• About this exercise
With the images removed, write out every line below exactly.

• Dataset section
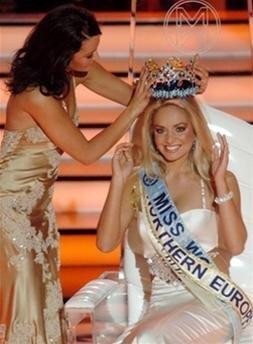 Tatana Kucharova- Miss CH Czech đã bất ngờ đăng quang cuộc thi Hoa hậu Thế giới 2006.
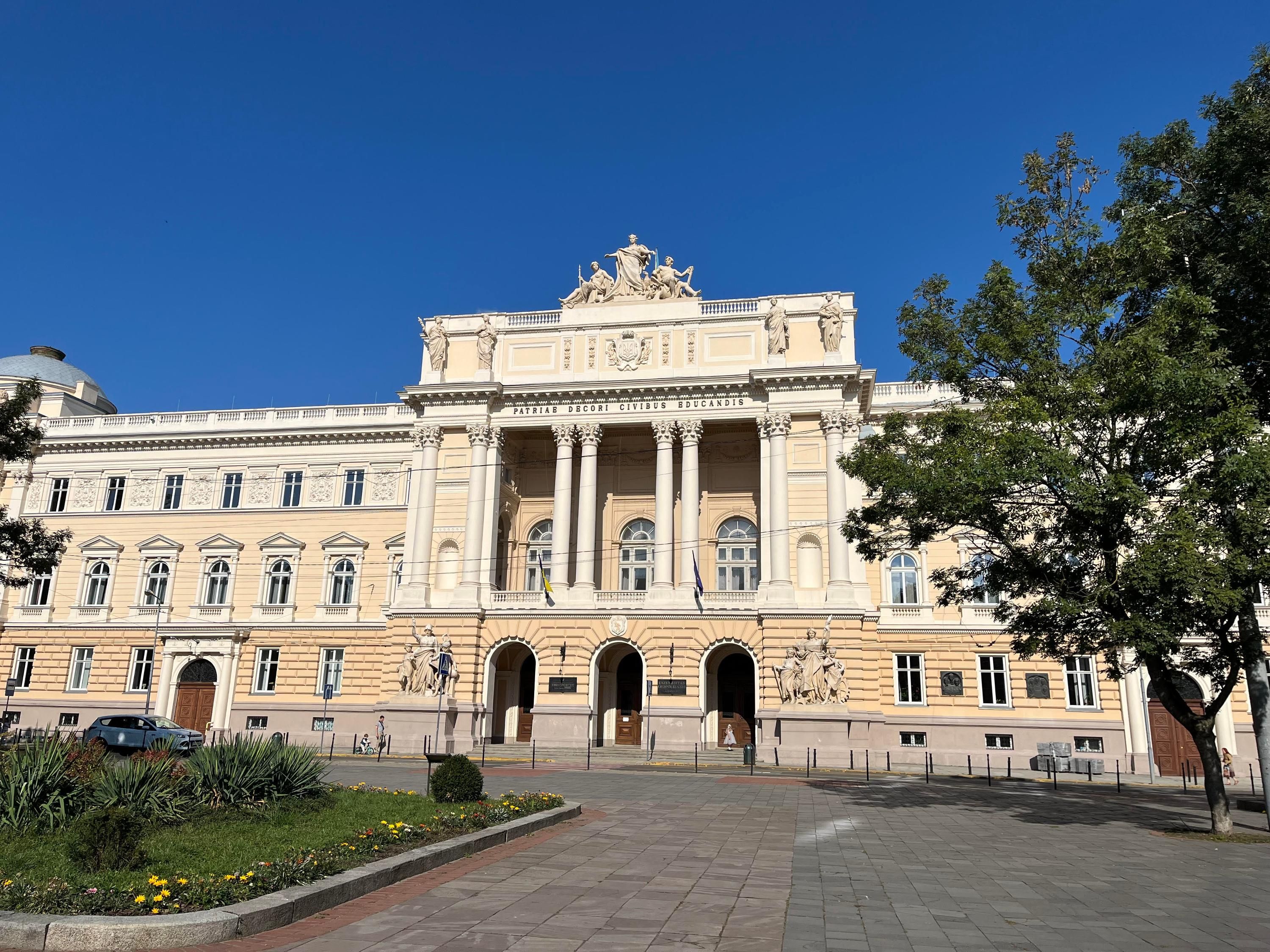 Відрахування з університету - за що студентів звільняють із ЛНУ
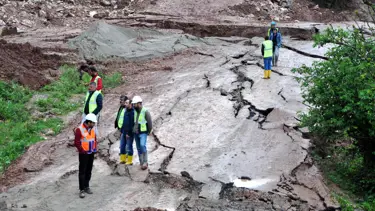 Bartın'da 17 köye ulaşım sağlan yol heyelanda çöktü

• Result for this task
 Tatana Kucharova- Miss CH Czech đã bất ngờ đăng quang cuộc thi Hoa hậu Thế giới 2006.
 Відрахування з університету - за що студентів звільняють із ЛНУ
 Bartın'da 17 köye ulaşım sağlan yol heyelanda çöktü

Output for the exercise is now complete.